::: Exercise inputs :::

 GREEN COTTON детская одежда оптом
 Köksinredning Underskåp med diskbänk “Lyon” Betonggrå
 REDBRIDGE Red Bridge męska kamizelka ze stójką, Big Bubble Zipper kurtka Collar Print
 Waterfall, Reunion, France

:::
::: Exercise inputs :::

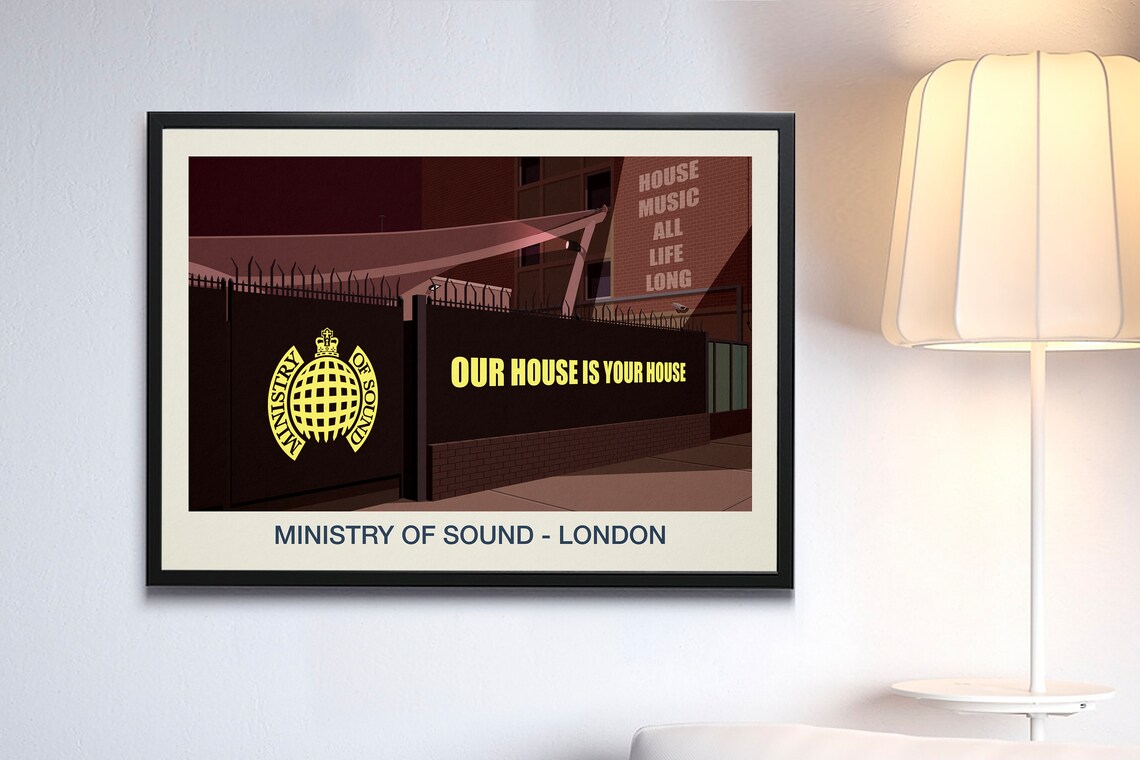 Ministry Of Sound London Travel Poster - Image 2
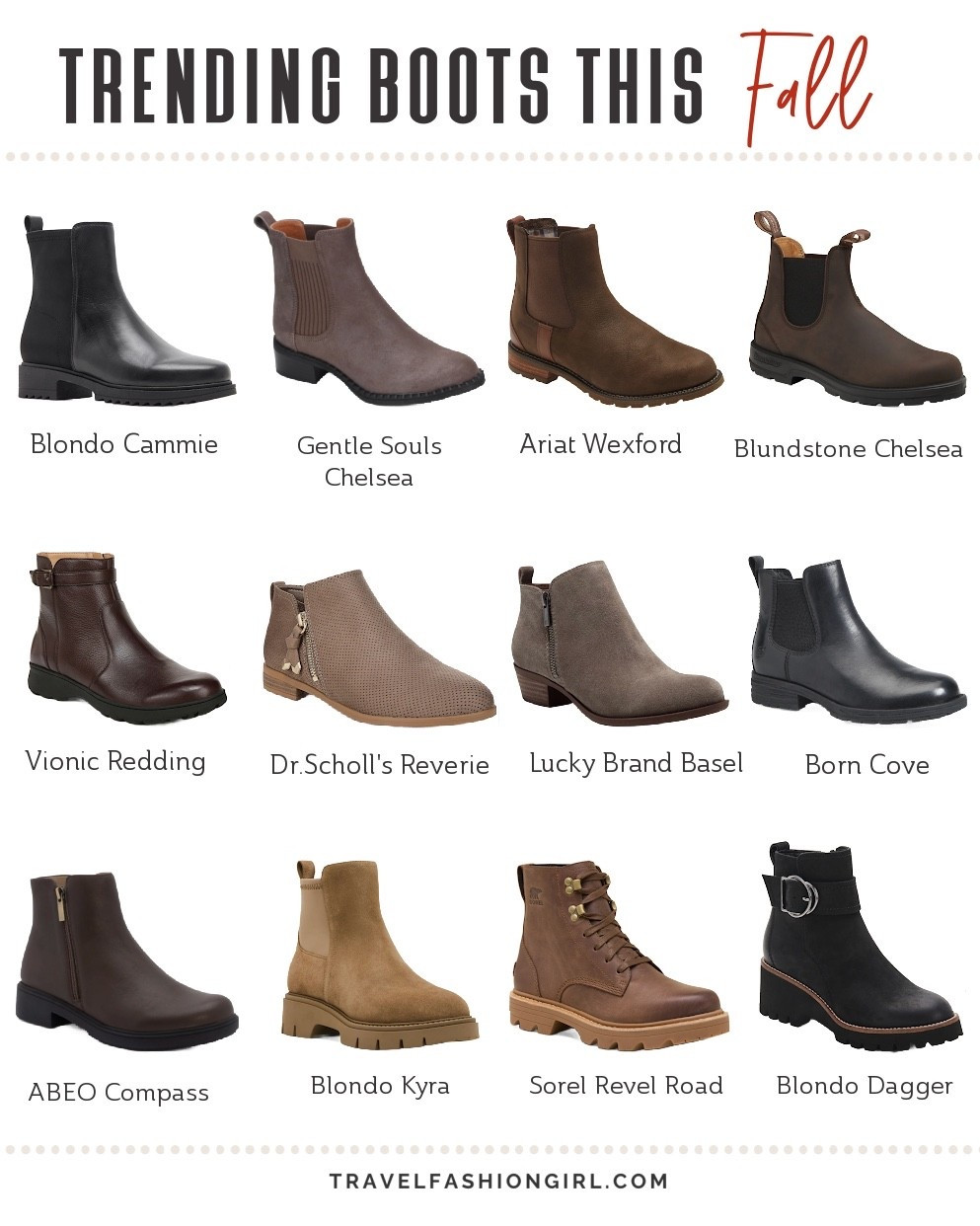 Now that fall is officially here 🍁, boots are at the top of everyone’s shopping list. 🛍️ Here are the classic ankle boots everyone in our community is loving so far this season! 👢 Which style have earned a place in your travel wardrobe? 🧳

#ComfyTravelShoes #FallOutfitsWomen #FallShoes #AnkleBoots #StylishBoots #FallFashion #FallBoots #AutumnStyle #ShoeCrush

:::
::: Exercise inputs :::

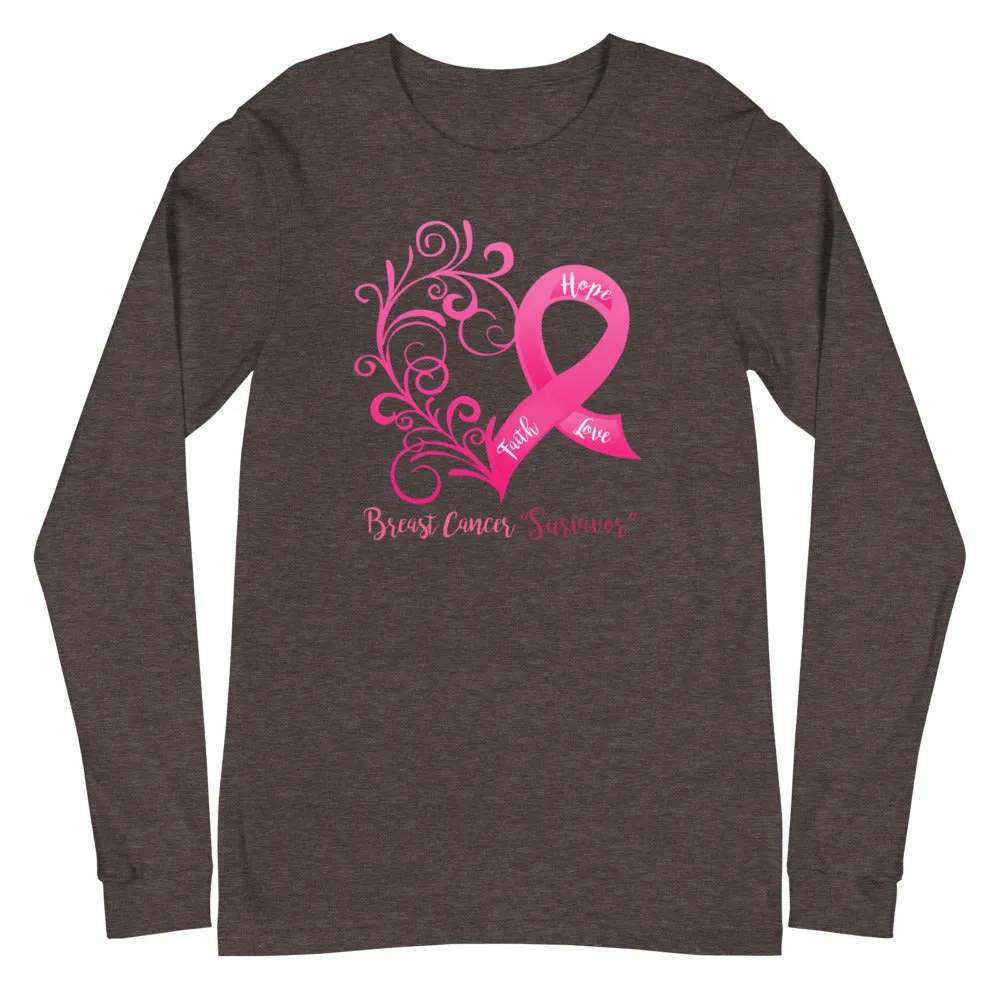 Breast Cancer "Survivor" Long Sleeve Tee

:::

*What is expected*
Set down only the lines above that fall between the line holding "Köksinredning Underskåp med" and the line holding "Waterfall, Reunion, France", inclusive, keeping each exact.

*Answer section*
 Köksinredning Underskåp med diskbänk “Lyon” Betonggrå
 REDBRIDGE Red Bridge męska kamizelka ze stójką, Big Bubble Zipper kurtka Collar Print
 Waterfall, Reunion, France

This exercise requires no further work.